As the TECOM chief, Lt. Gen. Kevin Iiams is the officer primarily responsible for ensuring the tasks are done. While speaking to reporters alongside the sergeant major today, he said one of the structural changes the document solidifies is that his role will now be “dual-hatted” as both the commanding general of TECOM and an associated deputy commandant position. Internal changes like that reflect the importance of the command to the Marine Corps and in the eyes of the current commandant.
Iiams said in total the Marine Corps is now moving away from the “rote, repetitive training” the service once relied upon.

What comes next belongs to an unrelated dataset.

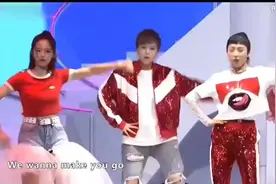 火箭少女新歌《撞》现场版，杨超越担任C位？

“We want cognitive, problem-solving thinkers for the future. So our [professional military education] programs are going to talk about how we build young Marines into being able to do that, knowing that they are going to be some of the folks who make the critical decisions in the battlefield,” he said.
When asked about potential critics — something that Berger and Force Design 2030 has attracted in groves during his tenure as the senior Marine Corps officer — Iiams called the process of making a Marine “sacred” and said that process “fundamentally is not going to change.”
“Modernization, new technology. Can we make it better? Absolutely,” he said. “How do we use these new tech and capabilities to do it faster [and] to do it better?”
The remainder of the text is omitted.